# Anyone fished Broughton Creek @ Berry NSW



## yaksta (Oct 27, 2005)

Hi guys,
I was thinking of a paddle and fish in Broughton Creek. It's a feeder creek to the Shoalhaven system. I believe there is a boat ramp at the Berry end on Wharf rd and was wondering if anyone had been there or has any details on where to launch.
I believe that Bream & Flathead are the target species and any ideas on lures especially poppers would be appreciated.

Thanks
Wayne


----------



## grimo82 (Jan 16, 2007)

Hey mate,

I fished it about two weeks ago (put in at the berry ramp) and headed up stream.
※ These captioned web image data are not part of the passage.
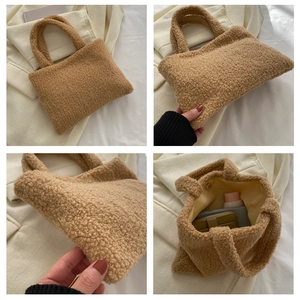 Detail view showing soft brown plush teddy fabric texture and interior magnetic closure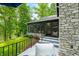 Charming outdoor patio with stone wall and view of the lake at 3695 Windsor Pl, Martinsville, IN 46151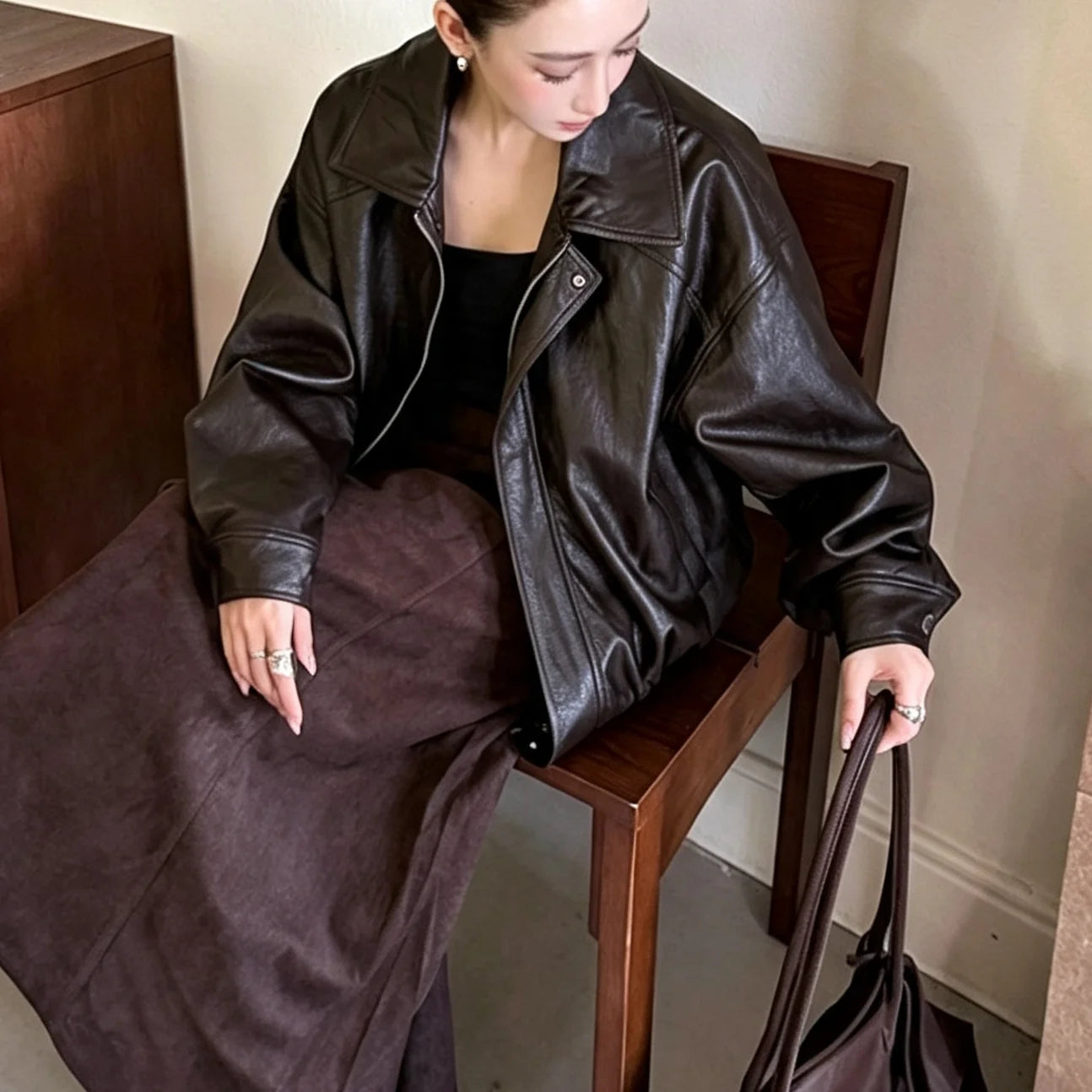 TOKO 2026 New Women Lapel Faux Leather Bomber Jacket Elastic Hem Zip Button Loose Long Sleeve Side Pocket Outerwear Coat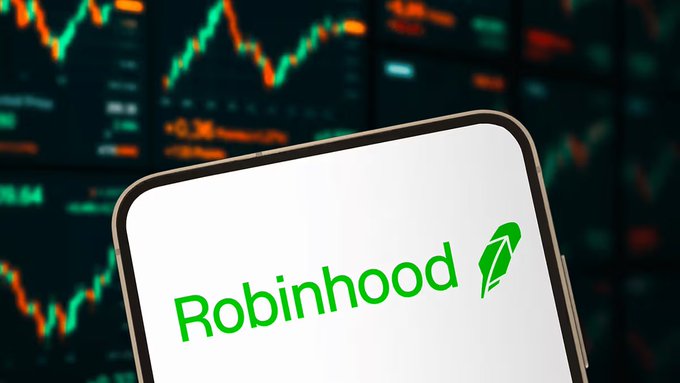 The Robinhood logo displayed on a white smartphone screen, set against a blurred background showing a financial chart with red and green lines.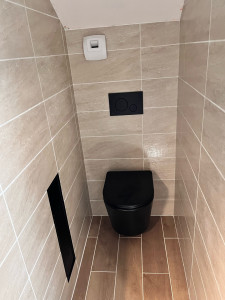 Photo de galerie - Création d’une salle d’eau ( conception, carrelage ,…),Pose d’un WC suspendu, intégration d’une niche 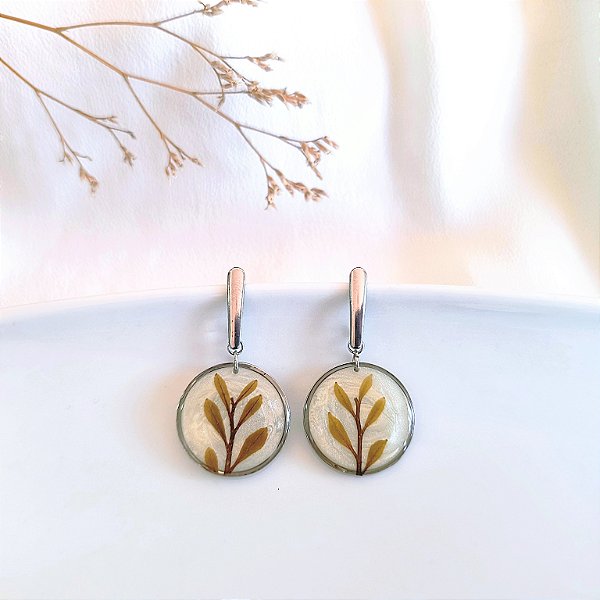 Brincos de raminho de folhas na moldura redonda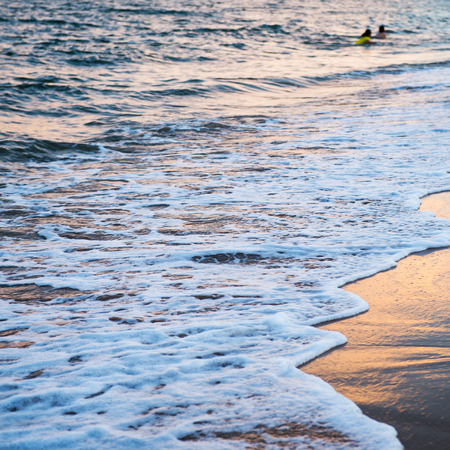 wave of the sea on the sandy beachの写真素材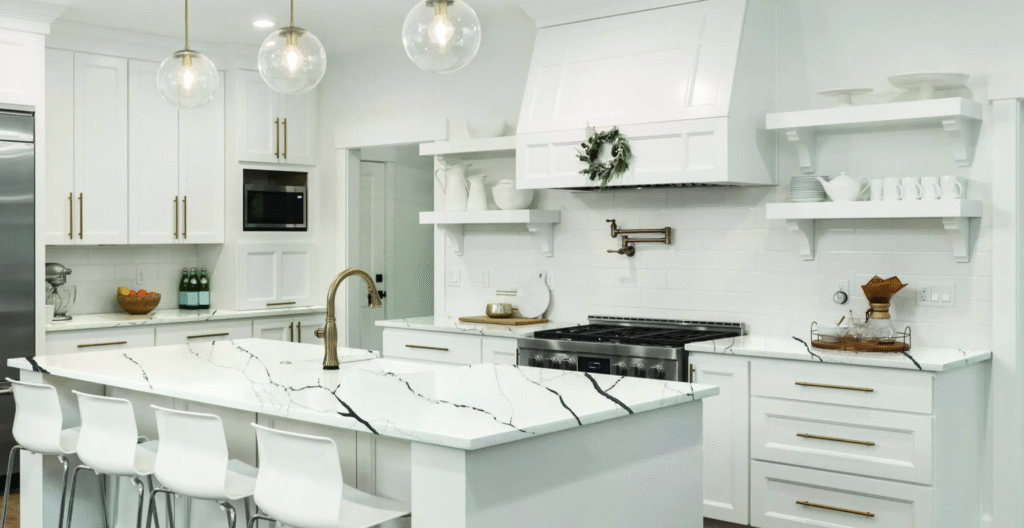 a kitchen with marble counter tops and a stove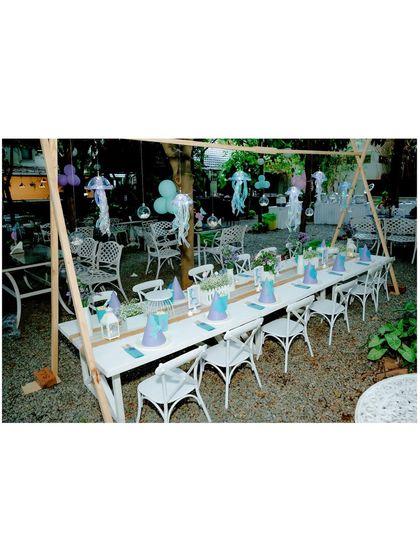 A wide shot of the mermaid-themed kids' table, showing the full setup in a beautiful outdoor setting.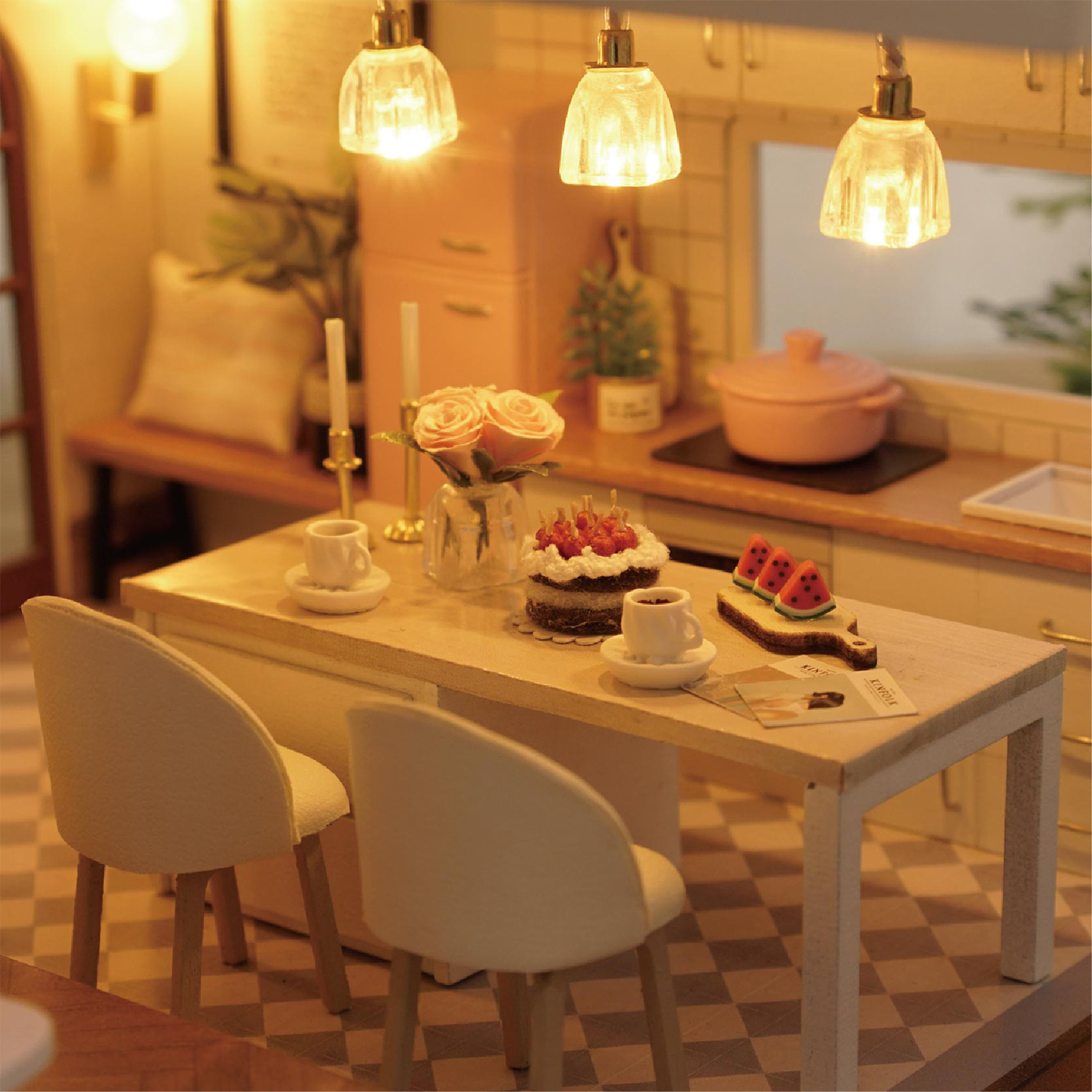 Cucina in miniatura con tavolo, due sedie, torta, frutta e frigorifero rosa.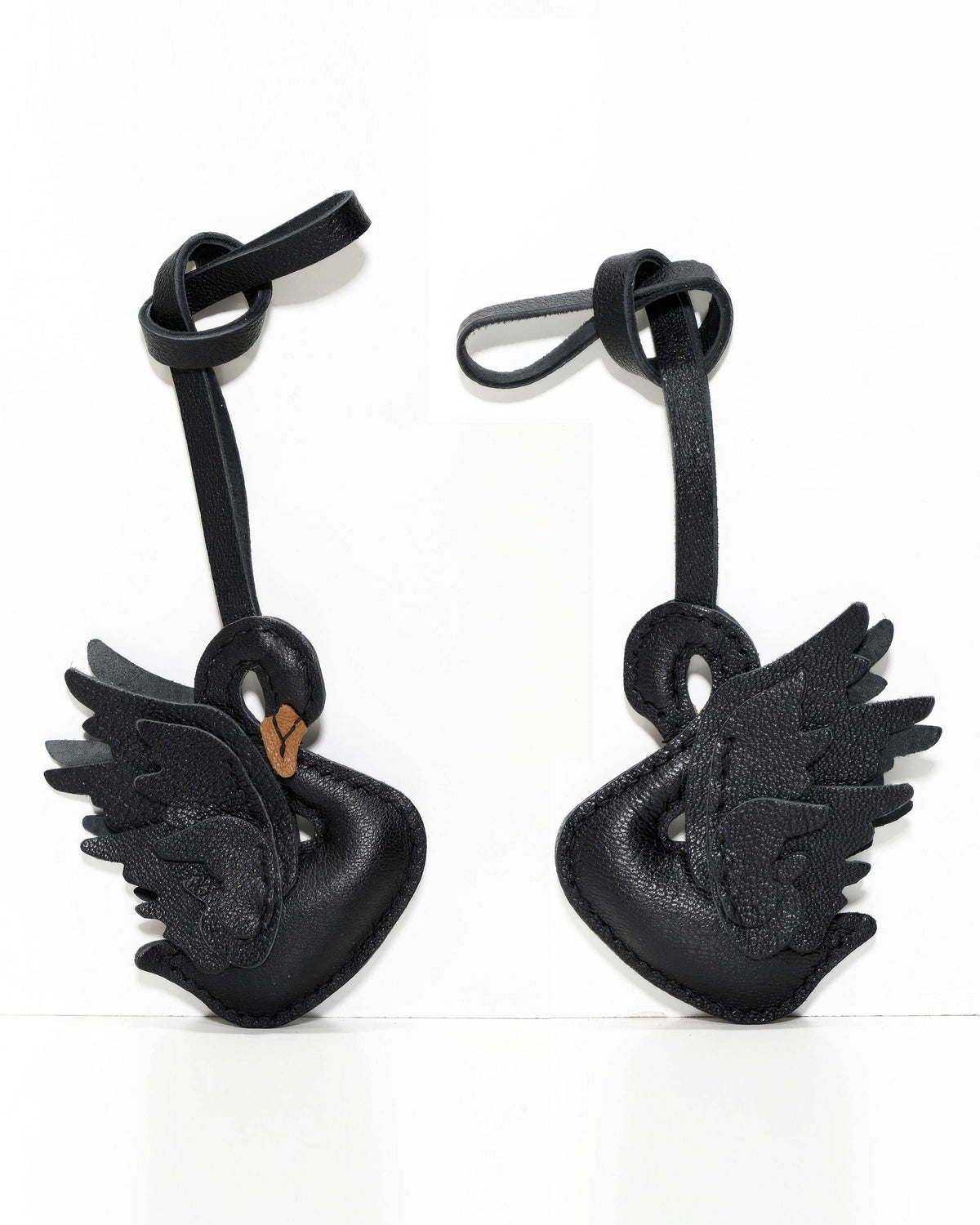 Side-by-side front and back view of black swan leather bag charm.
Tried some poppers early on with no sucess. Headed up further and switched to plastics and SX40. Ended up with 1 flathead and 4 bream, all under size.


----------



## Jeffo (Sep 10, 2006)

Looking forward to giving it a go Sunday morning.

Cheers

Jeffo


----------



## Rebel 1 (Mar 27, 2007)

Hey jeffo, i fished it last sunday. I really wanted to test my poppers out, after an hour iwas ready to pack up.i decided to throw an sx40 out and ended up with 10 + bream and 3 bass. It was a great session anf i will probably try again next sunday if the fishing gods approve.


----------



## yaksta (Oct 27, 2005)

Hey Rebel,
Which sx40 did you use?
Jeffo & Grimo had success today with a 305 and I got nothing because I didn't have an sx40. (The lack of fishing skills may have also contributed)
But I've gotta get some of these sx40's.

Wayne


----------



## Rebel 1 (Mar 27, 2007)

could be a 407??? threw away the box and the lure has since been chewed a little. is a natural colour green on top and white\silver on the bottom. my mate and i are thinking about going this sundayif you are keen to try again? i cant commit til later this week


----------



## yaksta (Oct 27, 2005)

Hey Rebel,
Thanks for that mate. I'm placing an order in the next couple of days from Motackle and want to make sure I get the ones that get the fish.
Sorry can't make it Sunday but a mate & I are going on Monday so leave a few for us.

Wayne


----------